Since January, examples have piled up of a pattern of recklessness, impropriety and perhaps outright obstruction in President Donald Trump’s oversight of federal law enforcement. And now, with the pardoning of Joe Arpaio, we have the first exercise of that power in a different context, perhaps serving for Trump as a test run for shutting down the investigation into ties between his campaign and Russia. No doubt the president is acting on his belief that, because the pardon power is “complete,” it cannot cause him real harm, and all the rest is politics. This is a miscalculation.
The instances of Trump’s warped approach to the law are legion: the demeaning of his attorney general for recusing himself, as required by the Justice Department rules, in the Russia matter; the demand for personal loyalty from James B. Comey and the request that the then-FBI director desist from investigating the conduct of his former national security adviser; the appeal to the heads of intelligence agencies to help him contain Comey; the firing of Comey for his continued pursuit of the Russia case; and the threats to fire special counsel Robert Mueller.
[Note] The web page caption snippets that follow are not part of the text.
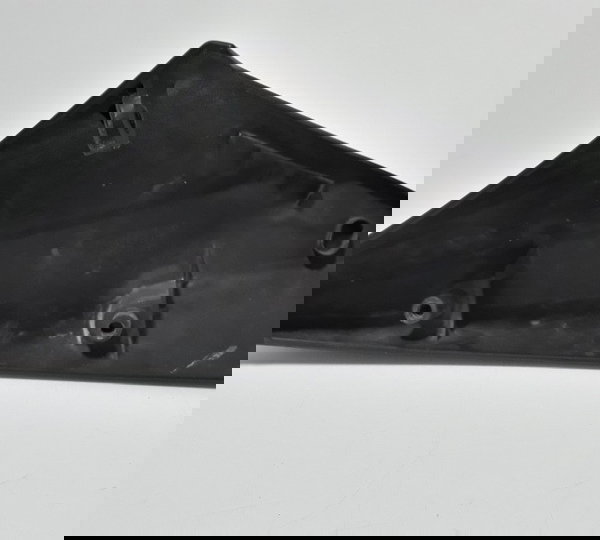 Carenagem Lateral Aba Esq. Z 1000 10/12 Orig. (avaria) 15323 Preto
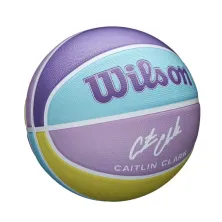 Balon Wilson Caitlin Clark Dreamer lateral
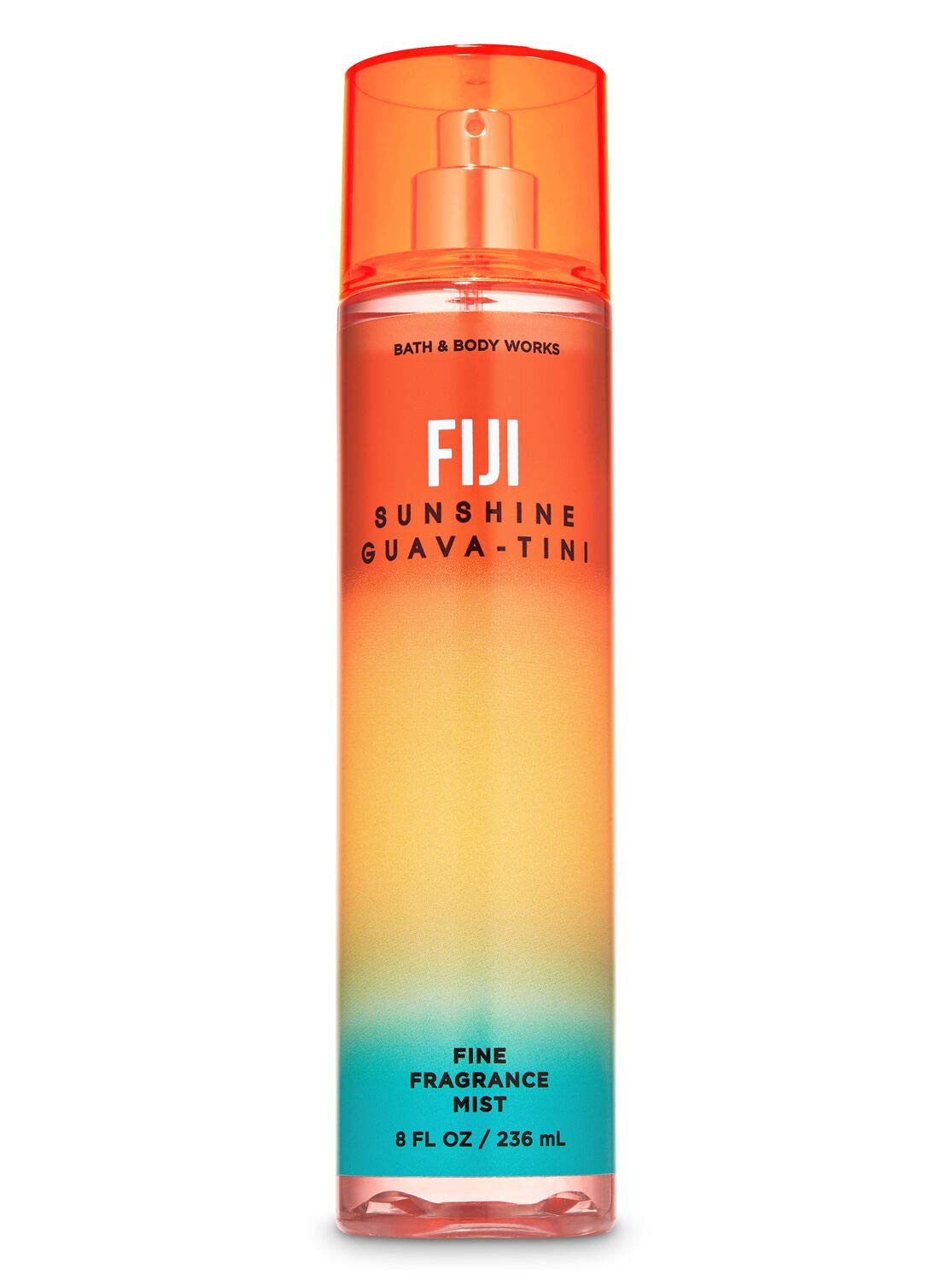 Bath & Body Works Fiji - Sunshine Guava Tini 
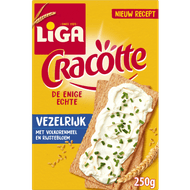 Liga Cracotte vezelrijk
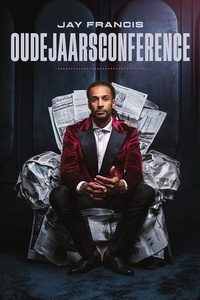 Jay Francis Oudejaarsconference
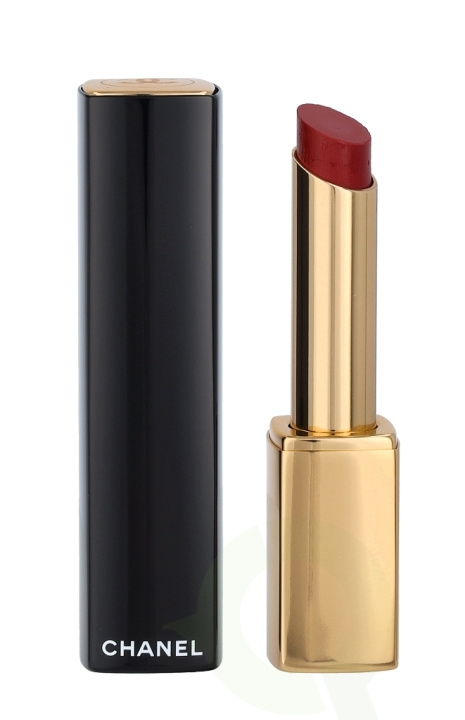 Chanel Rouge Allure L\'Extrait High-Intensity Lip Colour 2 gr 858 Rouge Royal in de groep BEAUTY & HEALTH / Makeup / Lippen / Lippenstift bij TP E-commerce Nordic AB (C46229)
Trump has since repeatedly tweeted his denunciation of that investigation — a major, ongoing federal criminal inquiry — as a “hoax.” He has hinted in clear terms that he could end all of these troubles by the use of the “complete” pardon power.
Trump’s record on “rule of law” issues, now including this pardon, weakens his defenses in the Mueller probe — and in any future debate over impeachment. Instead, for a president contending with questions of obstruction of justice in the Russia matter, the pardon casts his modus operandi in the worst possible light. The former sheriff was convicted in July of criminal contempt, and Arpaio’s attorney announced that he would appeal. Only weeks later, Trump highlighted a possible pardon at a political rally. He impugned the seriousness and motive of the court’s judgment, dismissing it as an attack on Arpaio for “doing his job.” Days later, without Justice Department review, he extinguished the conviction and ended the case.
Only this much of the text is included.